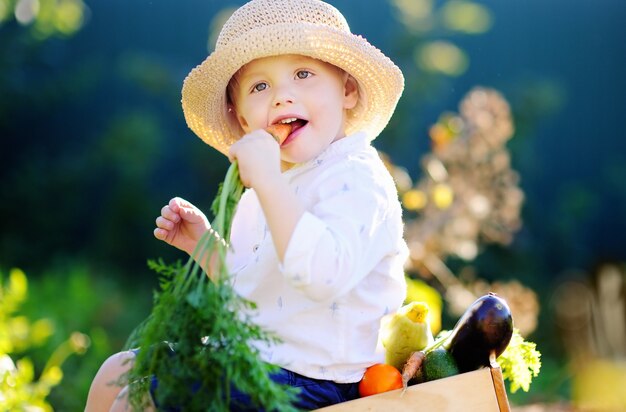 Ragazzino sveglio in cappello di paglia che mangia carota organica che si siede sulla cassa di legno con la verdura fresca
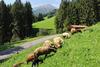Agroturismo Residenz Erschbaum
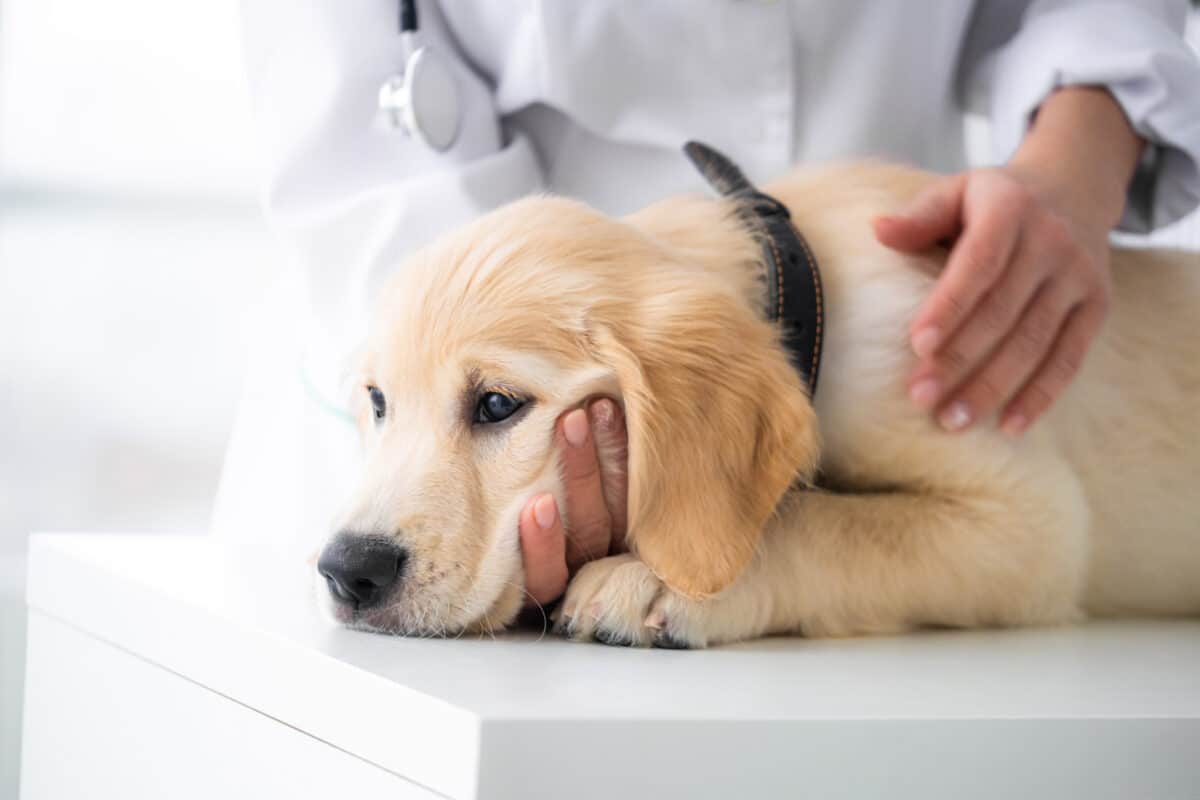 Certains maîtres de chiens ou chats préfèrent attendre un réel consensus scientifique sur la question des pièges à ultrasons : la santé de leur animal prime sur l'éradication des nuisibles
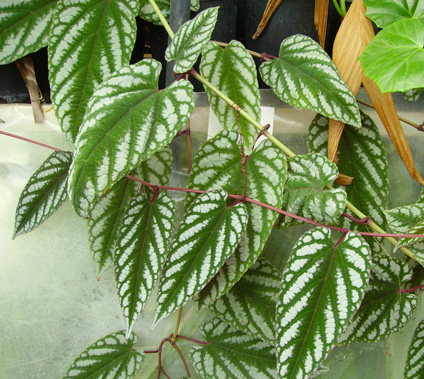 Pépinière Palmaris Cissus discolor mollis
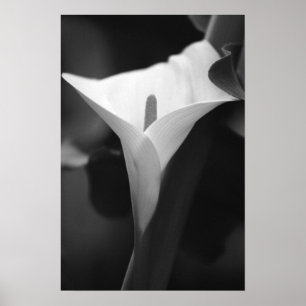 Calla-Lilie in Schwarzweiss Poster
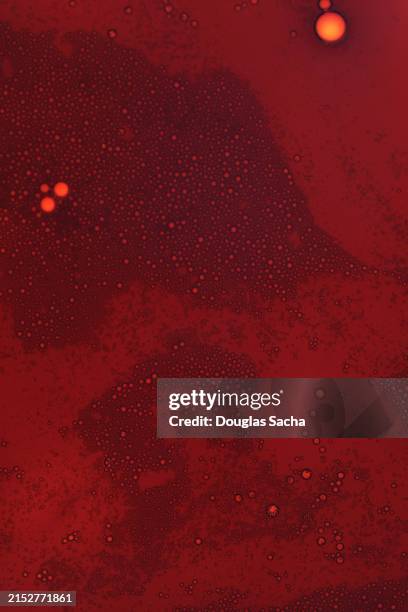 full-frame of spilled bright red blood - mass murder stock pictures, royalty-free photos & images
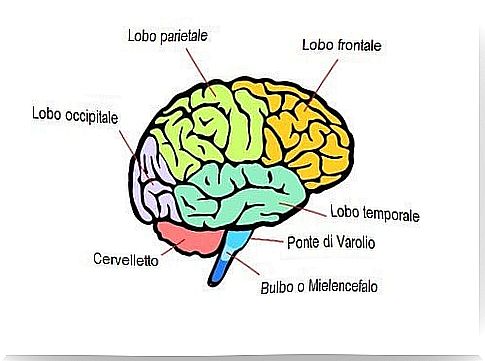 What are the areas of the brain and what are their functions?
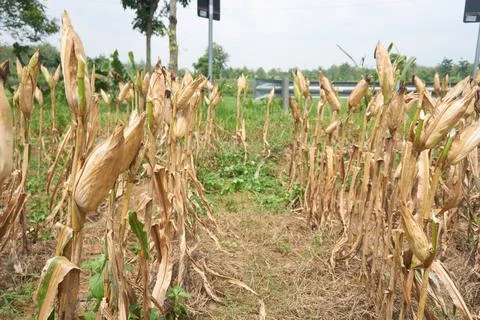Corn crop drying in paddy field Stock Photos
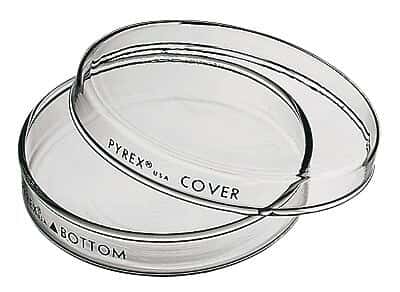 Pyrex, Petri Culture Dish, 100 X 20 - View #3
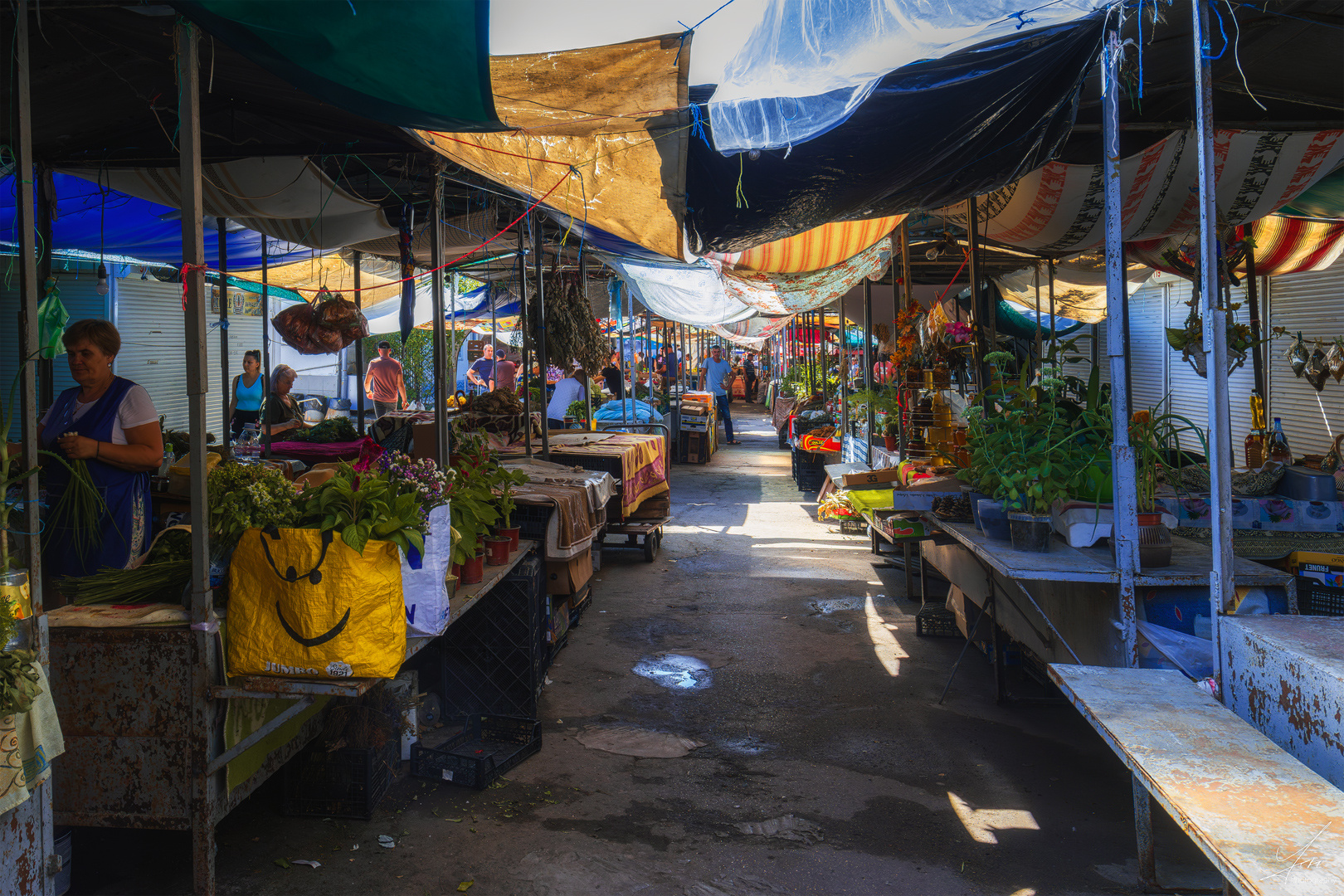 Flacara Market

-=-=-

EXERCISE INSTRUCTIONS: Each line, from the beginning of the listing to the line bearing "full-frame of spilled" inclusive, should be copied exactly; the pictures stay out.

OUTPUT BELOW:
 Ragazzino sveglio in cappello di paglia che mangia carota organica che si siede sulla cassa di legno con la verdura fresca
Agroturismo Residenz Erschbaum
 Certains maîtres de chiens ou chats préfèrent attendre un réel consensus scientifique sur la question des pièges à ultrasons : la santé de leur animal prime sur l'éradication des nuisibles
 Pépinière Palmaris Cissus discolor mollis
 Calla-Lilie in Schwarzweiss Poster
 full-frame of spilled bright red blood - mass murder stock pictures, royalty-free photos & images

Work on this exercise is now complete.